Obituário de uma lembrança


Por Cidinha da Silva




A notícia de tua morte chegou pela gentileza de uma mensagem privada de rede social, não por um mural público. Felizmente, pois ficaria ainda mais desacorçoada.

És a primeira pessoa de meu círculo próximo de convivência assassinada e quero que seja a última. Não sei lidar com isso e não quero aprender. Sou fraca e insignificante. Não tenho a força da poeta que declara firme: dos nove homens de minha família assassinados, sete foram mortos pela polícia.

A primeira pergunta que me fiz foi pelos teus filhos, como estariam, como ficariam. Numa das várias viagens que fizemos à Genebra, no início da década de 2000, fomos vizinhos de cadeira e conversamos sobre nossas vidas pessoais, para além do ativismo político que nos unia. Perguntei-te se tinhas filhos. Dois, me respondeste, dois meninos. Em algum momento me contaste que havias sido criado por mulheres, a mãe e as tias, e eu disse que meninos precisam mais da figura do pai do que as meninas. Que um homem é fundamental na formação de outro homem. Tu me ouviste, entre a serenidade e o susto.

Prosseguias calado e continuei a falar. Abri um capítulo sobre os homens que abandonam os filhos em nome do trabalho, das causas políticas. Tu argumentaste que a causa era maior do que tudo. Eu disse que nada era maior do que os filhos e nossa responsabilidade por eles, e que, nos homens, a satisfação do ego costuma movê-los mais do que a causa. Tu ouvias, quieto, reflexivo, como se eu fosse uma mãe grande e tu, um guri pequeno.

Em Genebra te vi triste, sozinho, amargurado, mas ali não conversamos, como havíamos feito no avião. Pudera. O mundo dos homens é cruel, implacável, e os velhos lobos não abrem espaço para o lobo novo que chega sequioso de caça e poder.

Voltamos, a vida seguiu. O projeto em que apostaras todas as fichas naufragou. Tu saíste de cena, recomeçaste em outra área, que décadas mais tarde se revelaria trágica. Voltaste a teu próprio começo, a atuação em sindicatos.

De um sindicato viriam os que te mataram, como disse alguém, integrantes de máfias que, além de bloquearem as conquistas de direitos pelos trabalhadores, corroem a democracia e lançam mão de expedientes vis de imposição da vontade pela força.
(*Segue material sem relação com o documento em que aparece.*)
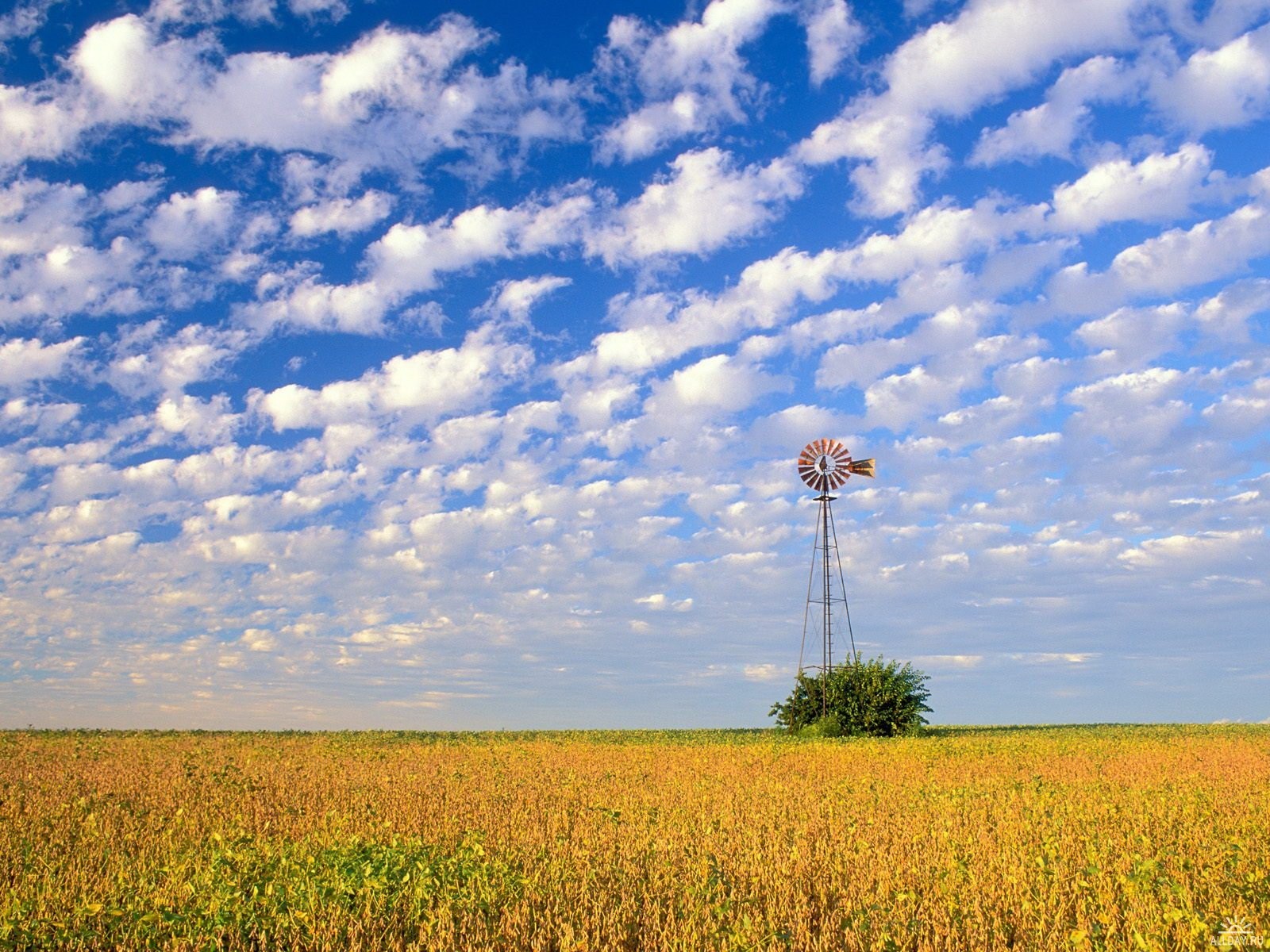 clouds sky the field a windmill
Outra vez te encontrei num aeroporto e perguntei pelos teus filhos. Estão se tornando homens, me respondeste pimpão. E eu disse: é assim que tem que ser. Rimos. Me contaste que havias descasado. Perguntei se os meninos estavam contigo. Respondeste que não, estavam com a mãe, como devia ser. Rimos outra vez e ao nos despedirmos, comentei que assim era, se tu achavas que deveria ser.

Depois da fatalidade da notícia, nutro a certeza renovada de que amaste muito a teus filhos, embora, talvez, não o tenhas dito na medida que gostarias. Estou certa também de que se tornarão bons homens que honrarão tua memória.

Despeço-me de ti apagada pela tristeza e pela perplexidade. O N”Zázi que habita em mim saúda o Xangô que habita em ti e clama a Zambi e às Águas que deem paz a teu espírito.